→ **MATERIALS PROVIDED**
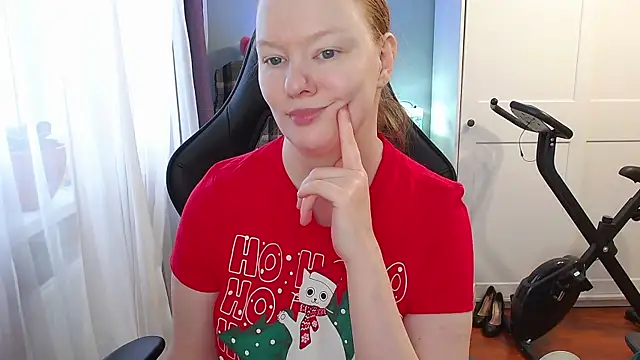 Snapshot of Lady_Inari chatting on December 22, 9:17 am Lady Inari online show from December 22, 9:17 am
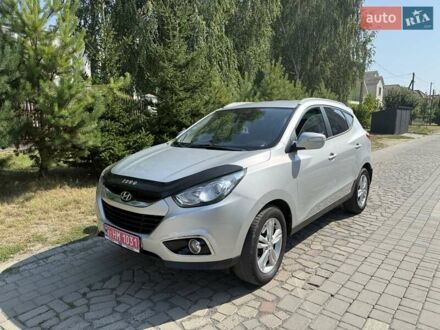 Серый Хендай их35, объемом двигателя 1.7 л и пробегом 253 тыс. км за 11700 $, фото 1 на Automoto.ua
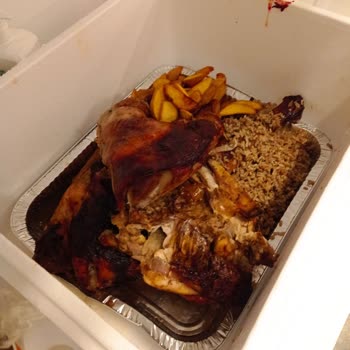 Liva Pastanesi  Tam Porsiyona Rağmen Tarafıma Yalnızca Yarım Porsiyon Ürün Teslim Edildi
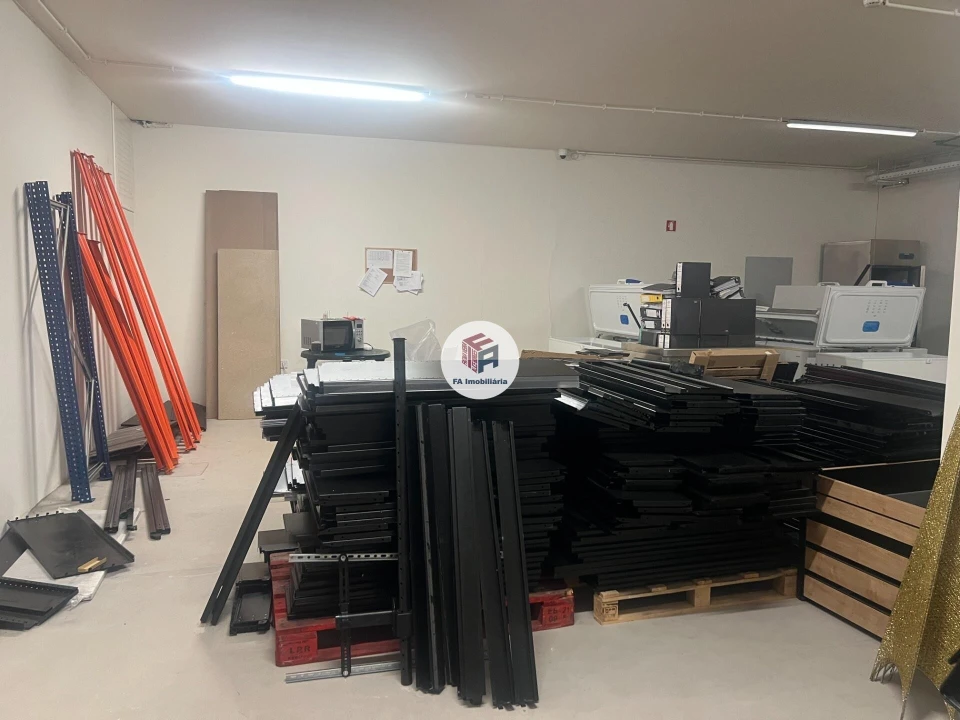 Loja para Arrendamento em Lordelo do Ouro e Massarelos Foto 12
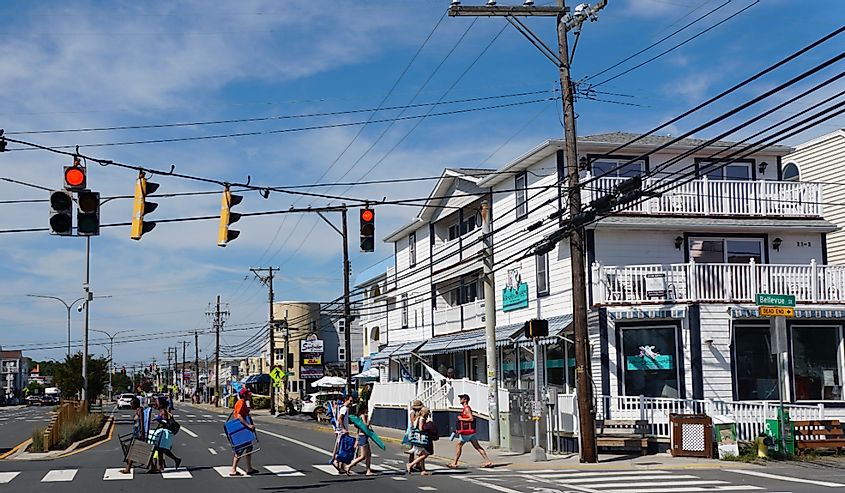 Pedestrians crossing the road Route 1 North in the summer in Dewey Beach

→ **ABOUT THIS TASK**
Going from the line with "Loja para Arrendamento" to the last line of the listing, write out each line exactly and nothing else. Leave out all pictures.

→ **EXERCISE OUTPUT**
 Loja para Arrendamento em Lordelo do Ouro e Massarelos Foto 12
 Pedestrians crossing the road Route 1 North in the summer in Dewey Beach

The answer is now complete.